**What the task requires:** Copy exactly. Include the line containing "Niña-Jugando-E", every line after it, and the last line below, but no pictures.

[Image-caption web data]
◆ ◆ ◆ ◆ ◆ ◆ ◆

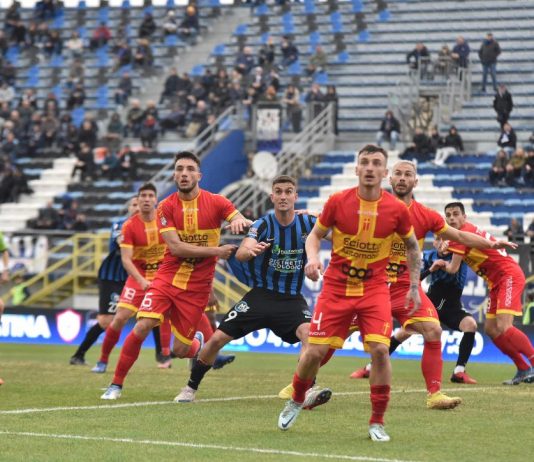 Il Messina si impone per 2 a 0 sul Latina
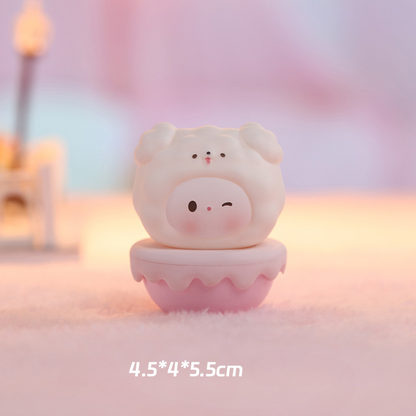 Comes with fragrance and a wobbly figurine gift Office decoration figurine resin tabletop cute little ornament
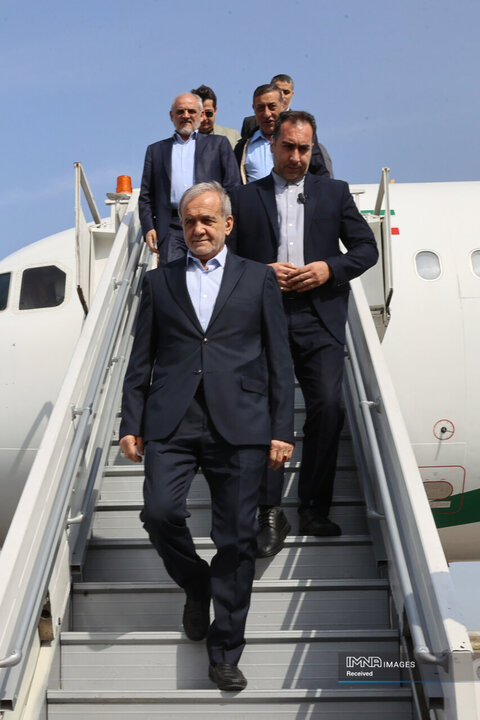 حضور رئیس جمهور در بندر شهید رجایی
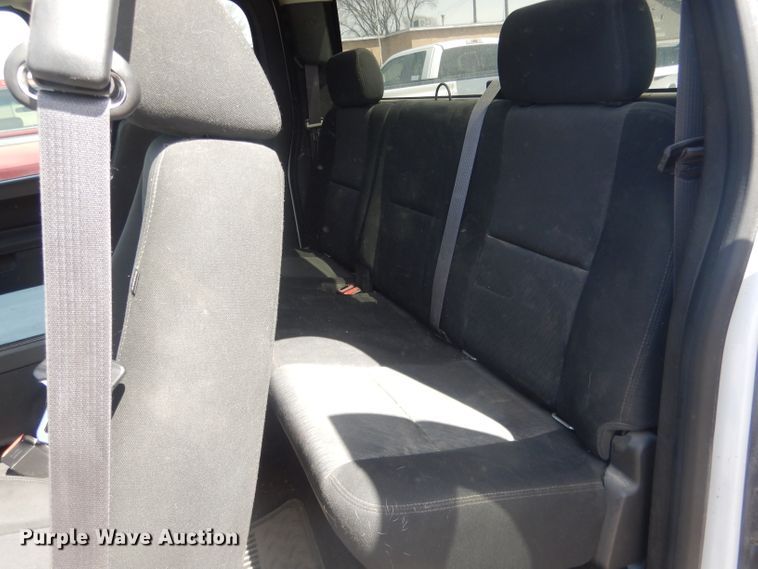 image for item DJ1295 2013 Chevrolet Silverado 1500  Ext. Cab pickup truck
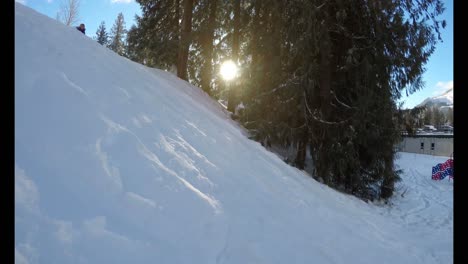 Niña-Jugando-En-La-Nieve-Durante-El-Invierno-4k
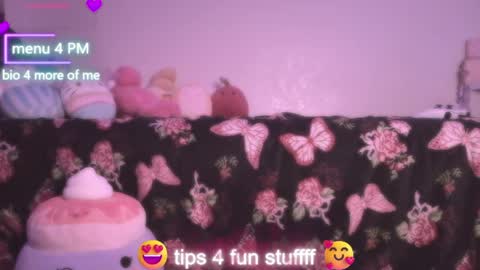 Snapshot of abruisedpeach chatting on 05/05/26, 03:58 Peach online show from 05/05/26, 03:58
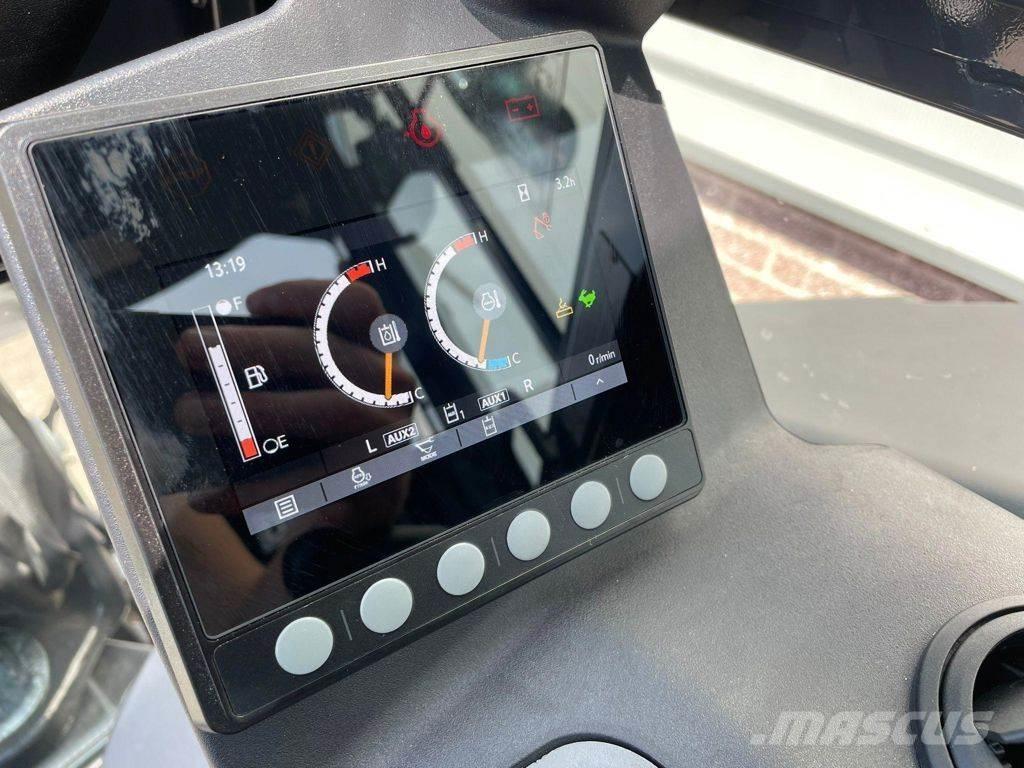 Yanmar VIO33-7 소형 굴삭기 7톤 미만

◆ ◆ ◆ ◆ ◆ ◆ ◆

**Exercise result:**
 Niña-Jugando-En-La-Nieve-Durante-El-Invierno-4k
 Snapshot of abruisedpeach chatting on 05/05/26, 03:58 Peach online show from 05/05/26, 03:58
 Yanmar VIO33-7 소형 굴삭기 7톤 미만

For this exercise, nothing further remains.